Janet Downs's picture
Mon, 17/11/2014 - 12:32

Classifying schools as ‘independent’ paves the way for them to be run for profit as Policy Exchange wrote in its report Blocking the Best which was warmly welcomed by Gove before the last election:

‘At present academy sponsors are barred from making a profit…There is no legislative reason why profit should not be allowed (these schools are simply classified as independent schools). (p41)

The paper suggests a reason why the Labour party hasn’t opposed widespread academy conversion:

‘When Tony Blair introduced academies, officials and the most radical ministers (including Lord Adonis and John Hutton) knew that allowing profit would provide a significant boost to the market, but the politics were considered unworkable.’ (p41)
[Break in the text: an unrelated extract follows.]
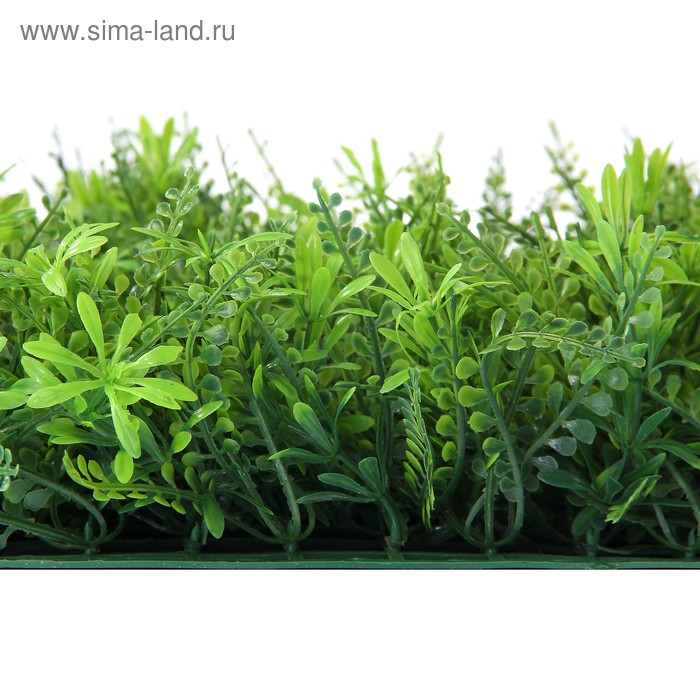 Декоративная панель, 40 × 60 см, «Разнотравье», Greengo Декоративная панель, 40 × 60 см, «Разнотравье», Greengo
When market forces are introduced into education, then equity goes out of the window. It's a pity these 'radical' Labour politicians haven't grasped that.


Roger Titcombe's picture
Mon, 17/11/2014 - 14:03

Sir Peter's thread is profoundly clear and rational, by a respected 'establishment figure' who clearly knows what he talking about and cannot be accused of party political bias.

It needs to be read very carefully by everybody with an interest in the future of the English education system and especially by Ed Miliband and Tristram Hunt.

agov's picture
Tue, 18/11/2014 - 11:12

So it is Roger. Unfortunately as Theresa May seems to be the best hope for a more sensible education policy I'm not expecting many changes any time soon.